Best German growth figures since the fall of the Berlin Wall.

– German growth rises by 2.2% against 1.3% predicted.
– Sterling bounces on more positive picture
– Euro finds support
– Safe haven currencies lose some of their luster
– Oil prices rise in overnight trade benefitting commodity currencies

German GDP figures this morning show that the German economy grew by 2.2% during the first quarter of this year which is the fastest quarterly growth in more than 20 years.
The National statistics office stated that “Such quarter-on-quarter growth has never been recorded before in reunified Germany.” The weak Euro has encouraged exports as the rest of the world go bargain hunting for cheaper luxury goods and cars.
Such positive data should’ve ordinarily supported the Euro a good deal but investors are still cautious, as ING’s Chris Turner states “While the threat of a peripheral (European Union) debt crisis has receded, we would still prefer to hold Swiss francs over Euros,”

The figures from the Euro-zone have revived risk sentiment and acted to support sterling against most of the majors. “Risk appetite is driving sterling up against the dollar on the day after decent German GDP, but this week’s dovish inflation report from the Bank of England should restrict gains,” said Melinda Burgess of RBS. The pound fell 1.4 percent against the dollar on Wednesday as the Bank of England cut its growth forecasts and predicted inflation would stay below target over the medium term, leaving the door open for more quantitative easing.

The Pound has managed to hold its own very well against the Euro and the rising trend support has held after last Tuesdays low, this signals that the uptrend which has driven the cross since the October 2009 low is still intact and could drive them above resistance at 1.2223 GBP/EUR followed by the 1.2400 GBP/EUR June 29th high, “Euro/sterling is being driven by sovereign risk problems in the euro zone which haven’t gone away,” said Burgess at RBS.
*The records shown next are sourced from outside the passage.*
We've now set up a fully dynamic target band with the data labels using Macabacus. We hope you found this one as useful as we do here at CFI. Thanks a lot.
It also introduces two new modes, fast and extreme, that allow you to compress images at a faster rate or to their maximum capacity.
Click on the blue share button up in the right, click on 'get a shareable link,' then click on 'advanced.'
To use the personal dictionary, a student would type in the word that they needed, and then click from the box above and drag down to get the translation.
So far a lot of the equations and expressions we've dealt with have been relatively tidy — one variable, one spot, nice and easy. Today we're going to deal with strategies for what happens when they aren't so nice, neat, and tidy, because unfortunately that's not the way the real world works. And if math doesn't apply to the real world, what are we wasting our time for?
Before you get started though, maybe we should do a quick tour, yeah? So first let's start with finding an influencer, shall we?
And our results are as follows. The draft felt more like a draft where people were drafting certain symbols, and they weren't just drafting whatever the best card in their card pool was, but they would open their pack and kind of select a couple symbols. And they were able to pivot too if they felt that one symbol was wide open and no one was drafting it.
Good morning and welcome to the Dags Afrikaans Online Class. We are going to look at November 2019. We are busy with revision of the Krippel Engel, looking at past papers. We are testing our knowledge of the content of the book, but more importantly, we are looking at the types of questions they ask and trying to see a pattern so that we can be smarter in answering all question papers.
U.S. crude for September delivery has risen over $1 after a 7 percent tumble in the past three days that took prices to their lowest since July 19. This has helped to buoy the commodity currencies (Canadian dollar, South African Rand, Australian dollar) Germany’s growth might help to support oil prices but its American growth which really adds to demand and with their economic growth still forecast to be relatively low. Oil traders aren’t expecting any great leap in demand any time soon, another deterioration in prices could be forthcoming.
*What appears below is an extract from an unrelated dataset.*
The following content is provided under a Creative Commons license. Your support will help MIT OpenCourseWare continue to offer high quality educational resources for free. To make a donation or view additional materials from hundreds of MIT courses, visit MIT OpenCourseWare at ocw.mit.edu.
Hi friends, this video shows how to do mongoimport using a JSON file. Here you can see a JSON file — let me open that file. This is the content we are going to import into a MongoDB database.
Looking forward to this afternoon retail sales figures from the U.S. might add to speculation that the economy is still in a contraction phase coupled with the CPI inflation data which could also colour a darker picture for the American economy as they sink closer and closer to deflation. These two factors alone might push traders back into their safe dollar assets and could drop the pound dollar rate back down to trend support.